El realismo decimo-nónico nos dejó muestras señeras de ello. La segunda,
que la literatura "masculina" plantea esa búsqueda del sí mismo desde
hace mucho. Sin ir más lejos, enhebradas en el universo filosófico y
en el mito, obras de las más importantes del siglo XX, y no sólo novelas,
a partir de Ulysses, pasando por La metamorfosis, El castillo, El hombre
sin atributos y tantas más, ahondan en esa preocupación y lo hacen sirviéndose
de aquellos mismos mundos simbólicos y de otros. A fin de cuentas, el
problema de fondo, ese imperativo, paradójico por necesidad, del conócete
a ti mismo si has de desvelar el sentido de tu existir, en nuestro tiempo
tiene una manera peculiar de vivirse que a todos nos afecta, aunque
las escritoras, como los escritores, lo cristalicen en argumentos y
discursos relacionados con el universo contextual del que están más
impregnadas, pues, habiéndolo vivido tan próximo, las troqueló más hondo.
De
otro lado, es también innegable lo plural del universo narrativo femenino,
que no conoce reduccionismos excluyentes, que desde temprano sobrepasó
las fronteras del yo, interesándose por cuanto más apremia al nosotros
colectivo. Que no dudó en delatar abusos y vejaciones contra hombres
y mujeres, en el orden familiar y en el mundo del trabajo. Que habla
hoy de muy variados problemas de ahora. Así pues, éstas y las demás
perspectivas de análisis desvelan, siempre, la compleja, poliédrica
dificultad, acaso la futilidad también, que entraña la pregunta qué
es ser mujer, más allá de la evidente particularidad de género, lo que
condujo a intentos sustitutivos de describir lo específico de las formas
inherentes al actuar, al hacer femenino en el espacio de sus competencias
nuevas y en el de las antiguas reformuladas. No es usual, en cambio,
proyectar planteamientos análogos sobre el ámbito masculino, por más
que deba también reformularse a consecuencia de su desplazamiento correlativo.
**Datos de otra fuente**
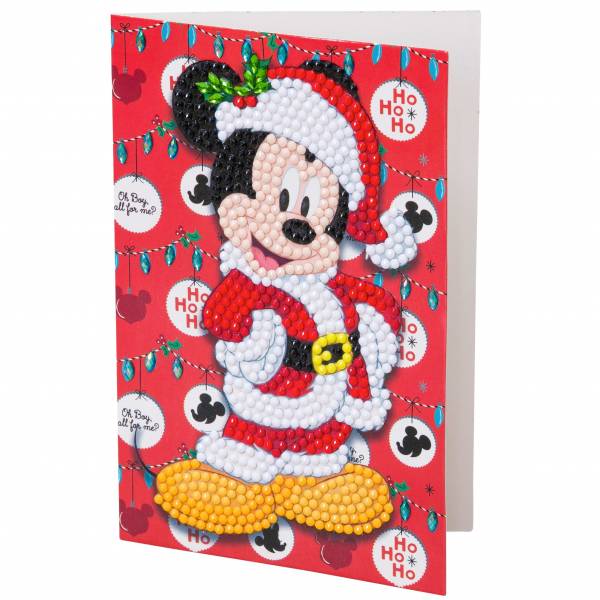 Christmas card (Craft Buddy) "Santa Mickey", Painting set complete with round stones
En un movimiento especular, reflexivo, nosotras nos miramos. Ellos,
por su parte, parecen muy de acuerdo: algunos, en actitud de colaboración
inestimable, que les revierte en el autoconocimiento. Muchos, convencidos,
sin más, de que cuanto les resulta sustantivo permanece, o dispuestos
a afianzarlo si lo perciben ya inestable, prefieren...seguir mirándonos,
pero como Sinatra: a su manera. A la de siempre.
En
este indagarse, la mujer ha de atravesar una especie de "vía purgativa",
un viaje odiseico jalonado de cantos de sirena que procuran desviarla
de su propósito o, peor, hacerle creer que el fin está en otra parte.
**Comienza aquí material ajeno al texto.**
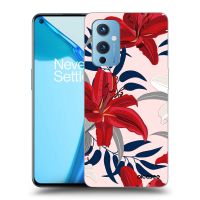 Silikónový čierny obal pre OnePlus 9 - Red Lily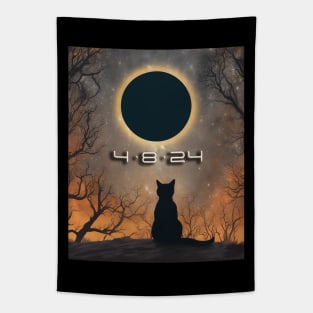 Cat Watching Total Solar Eclipse Tapestry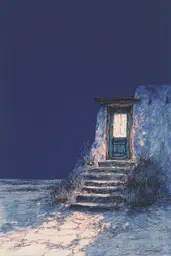 Midjourney generated image using SREF code Paleshore: A drawing of a blue door in the middle of a desert.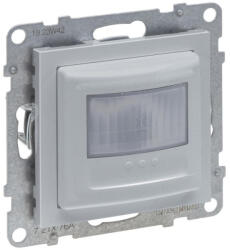 Legrand Suno alumínium mozgásérzékelős (PIR) kapcsoló, 2-150 W (LED max. 100 W) beépített nyomóval, 2 vezetékes, alumínium 721376A Legrand (721376A)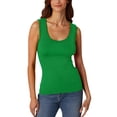 thumbnail image 2 of TrendOFT Workout Tank Tops for Women Undershirt Ribbed Sleeveless Scoop Neck Casual Layering Summer Basic Tanks Top Green L, 2 of 5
Son, muchas veces, estrategias del "oponente" -premeditadas o no-, encaminadas
a persuadirla de que siga actuando según dicta la costumbre inveterada.
Es decir: que se perpetúe en los espacios donde estuvo o, como mucho,
que se traslade (hay que acompasarse a los tiempos), pero, eso sí, nunca
en demasía; nada más lo asumible sin apenas trauma. Pensemos en el estereotipado
imaginario femenino de que rebosan los llamados medios de comunicación
de masas, que lo elevan a canon, funcionalmente muy distinto del masculino;
éste, casi dueño en las esferas del saber, del poder, de la economía...
cuenta, por supuesto, con presentaciones y espacios enaltecedores (*Valcárcel,
2000).
Por
su parte, la publicidad, en especial, pero no sólo, la televisiva, se
alimenta de estereotipos a la vez que se sirve de ellos Y todo esto
tiene consecuencias graves, pues históricamente la opresión de la mujer
contó con un instrumento de eficacia inestimable: la manera de representarla
en la iconografía.
En
nuestros días, internet puede ser para nosotras cara y cruz; abrirnos
los dilatados horizontes de que esa red es capaz, pero, también, erigirse
en un brazo más, inimaginablemente poderoso, del interés por sellarnos
conforme a nuestra moldura convencional, recluyéndonos en los espacios
de la moda en el vestir, la decoración del hogar, el mundo de la maternidad...
Así lo evidencian tantos portales que cuentan con canales rotulados
"mujer".
Además,
un lenguaje -verbal, audiovisual- no es, subraya Witgenstein, una trama
de significaciones independientes de la vida de quienes lo usan, sino
integrada en su misma urdimbre y se comporta a la manera de un sistema
de ruedas. Si engranan unas con otras y con la realidad, el lenguaje
es justificado; pero aunque exista engranaje entre esas ruedas, si no
se articulan en la realidad, entonces el lenguaje no tiene fundamento.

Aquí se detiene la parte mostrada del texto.